La crise de la sécurité collective a, comme au temps de la S. D. N., déterminé une renaissance des pactes régionaux d’assistance. L’esprit de ces accords, même lorsqu’ils maintiennent, du côté occidental, un lien nominal avec l’O. N. U., est bien différent de celui de la Charte. Le domaine de l’alliance et de l’équilibre rejoint ici celui de la diplomatie, domaine d’incertitude et d’inégalité, qui pénètre et se développe dans le cadre même de l’O. N. U. à la faveur de la multiplication des micro-États, qui, sortis du système de la dépendance coloniale, en sont devenus presque automatiquement membres et dont les voix à l’Assemblée font les majorités.

Le bilan de trente années d’existence de l’O. N. U. s’inscrit dans les innombrables documents d’archives de ses organes principaux : décisions du conseil de sécurité, résolutions de l’Assemblée générale, arrêts et avis de la Cour internationale de justice, sans omettre les rapports d’ensemble et les déclarations spéciales du secrétaire général.

Partout s’exprime et s’étale une constatation d’évidence : l’O. N. U., dans son état actuel, ne peut garantir la paix qu’à titre précaire et par des moyens rudimentaires de négociation ou de persuasion. Faut-il l’abandonner aux conséquences dirimantes d’une crise financière endémique, qui demeurera longtemps le sujet numéro un des préoccupations du secrétaire général ? L’Assemblée générale, à la fin de sa vingt-cinquième session, présidée par le juriste norvégien Edvard Hambro (né en 1911) a créé un comité spécial chargé d’examiner la situation.

Le mouvement d’organisation de la paix est irréversible, et les résultats obtenus par les Nations unies dans le domaine du développement et de l’assistance au tiers monde ne peuvent être compromis, sans danger pour la paix mondiale, par un abandon ou une réduction de programmes.

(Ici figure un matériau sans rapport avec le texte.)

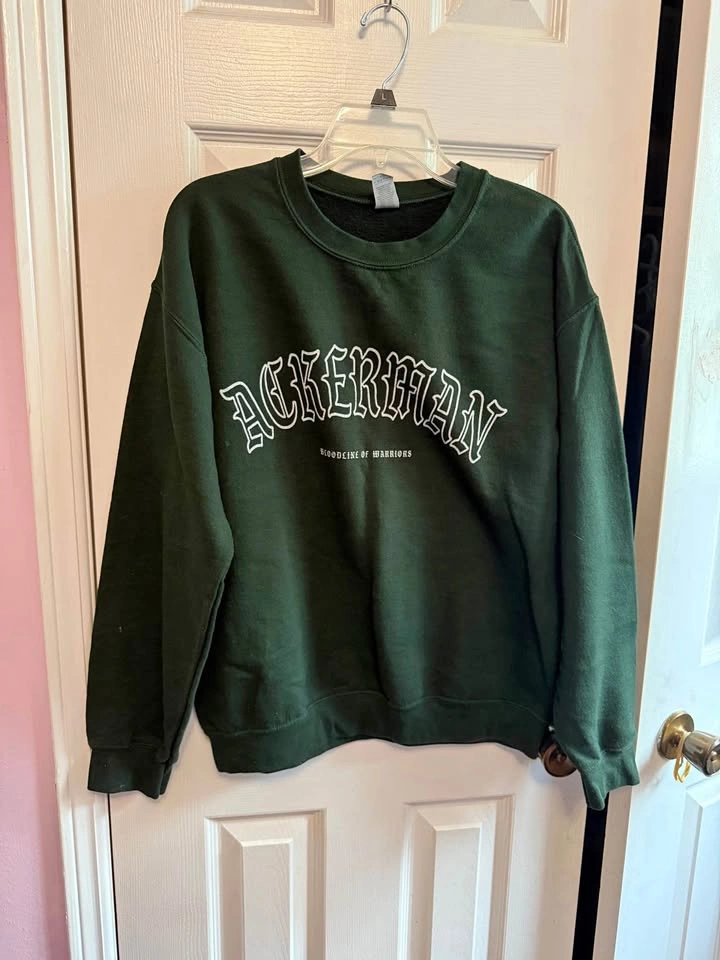 AOT Ackerman sweatshirt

Il serait injuste de méconnaître, d’autre part, sur le plan des droits de l’homme et de leur protection, les résultats bénéfiques obtenus par l’œuvre des grandes institutions spécialisées ; dont le réseau opère grâce à l’O. N. U. à travers le tiers monde et dont le bilan compense l’inventaire négatif de la sécurité et du désarmement.